5G is a journey that CSPs take in multiple stages. It starts with planning, progresses through commercial launch, and then shifts to expanding CPSs’ 5G capabilities to maximize the new functionality and revenue opportunities that 5G offers. In the Accelerating Your 5G Journey webinar series, American Tower Corporation and Blue Planet experts joined me to discuss how CSPs can best prepare for, effectively operate, and fully monetize their 5G networks.

Automation to Prepare, Operate and Monetize

In the first discussion with Mark Gibson, Director of Product Line Management at Blue Planet, we talked about the foundational role of inventory in getting ready for the journey. It is like packing your suitcase to make sure you have all you need for a road trip. A unified view of the resource and service inventories is the necessary first step to automating and optimizing service planning and design processes in support of the end-to-end operations of the network.

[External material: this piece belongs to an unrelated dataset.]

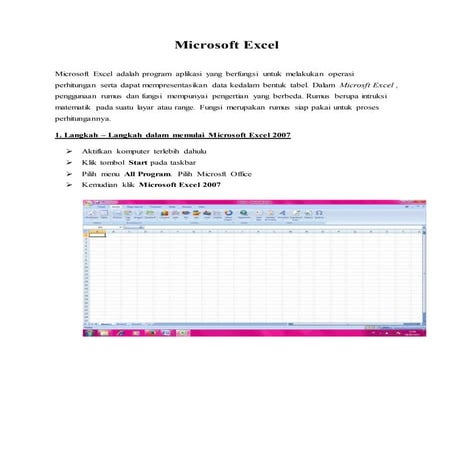 TUGAS MICROSOFT EXCEL 2007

We then moved to the role of automation in enabling the 5G journey. Youssef Abdelilah, Global Innovation and Strategy at the Office of CTO at American Tower, showed us how automation in 5G hybrid networks enables industry 4.0 and enterprise IIoT applications through network slicing. Tying everything together, Marc-Antoine Boutin, Vice President of Product Management at Blue Planet, explained how CSPs can implement automation in their 5G networks to support these new use cases, including ones for enterprise and IIoT services.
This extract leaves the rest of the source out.